# TASK STATEMENT
Reproduce exactly the lines of this material that begin at the line with "Prairie Stripes Homespun Throw (Crochet)" and end at the line with "Hugh Evans und", both included. Omit the pictures and everything else.

# EXTRACTED INFORMATION
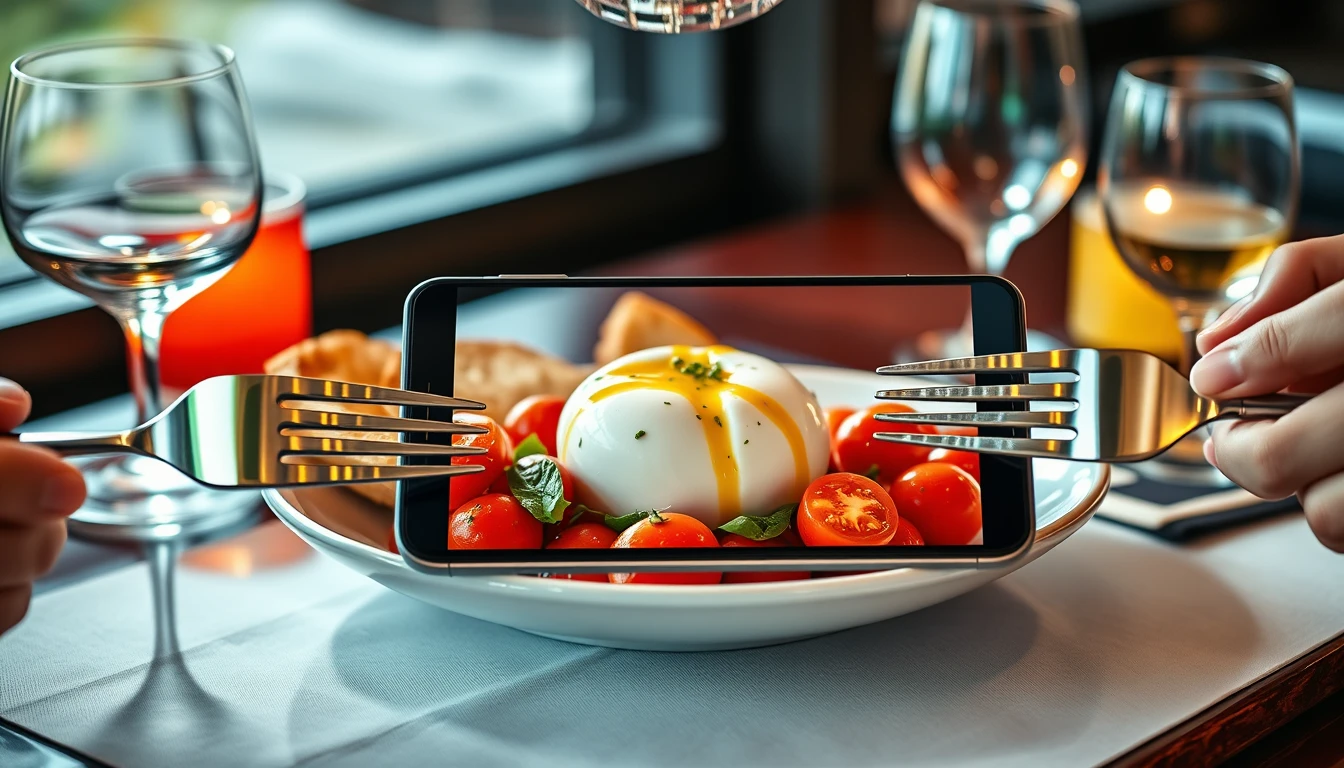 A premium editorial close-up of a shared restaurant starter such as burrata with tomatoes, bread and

--

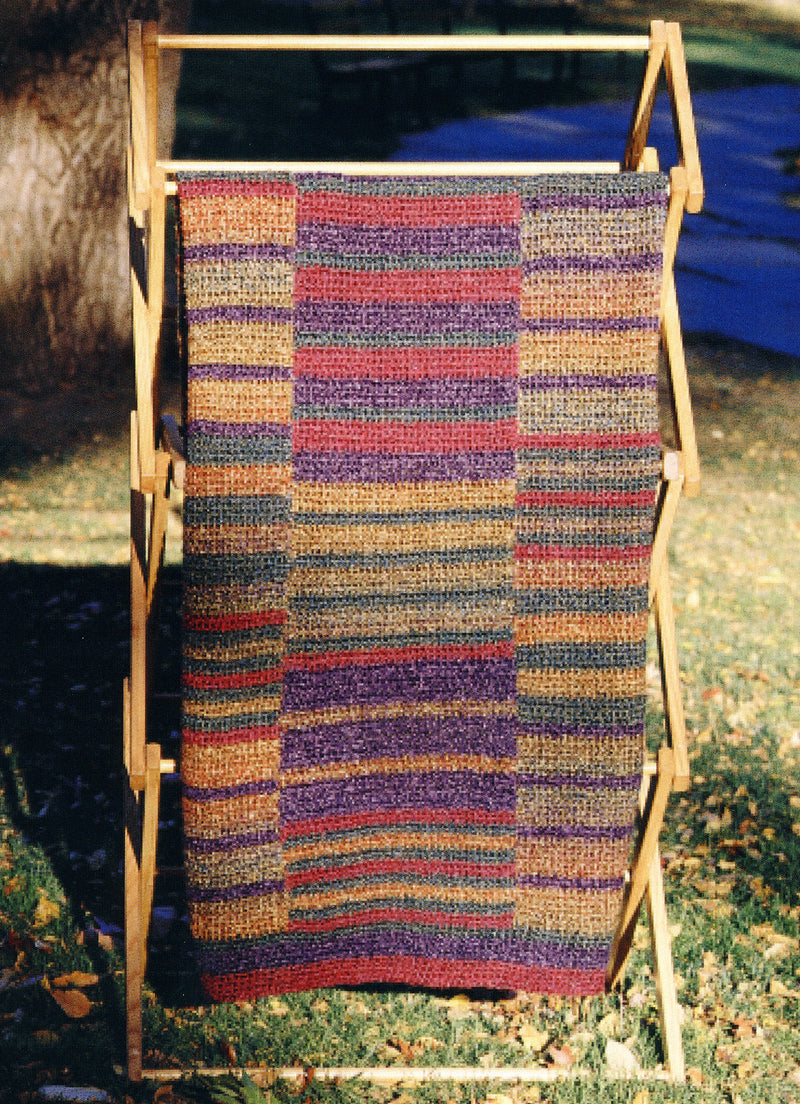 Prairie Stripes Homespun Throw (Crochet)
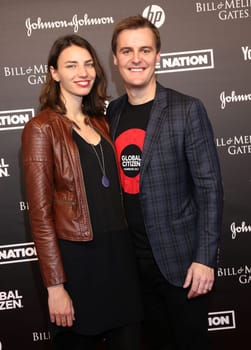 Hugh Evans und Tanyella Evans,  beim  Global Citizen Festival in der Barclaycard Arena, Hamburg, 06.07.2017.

# RESPONSE TO THE TASK
 Prairie Stripes Homespun Throw (Crochet)
 Hugh Evans und Tanyella Evans,  beim  Global Citizen Festival in der Barclaycard Arena, Hamburg, 06.07.2017.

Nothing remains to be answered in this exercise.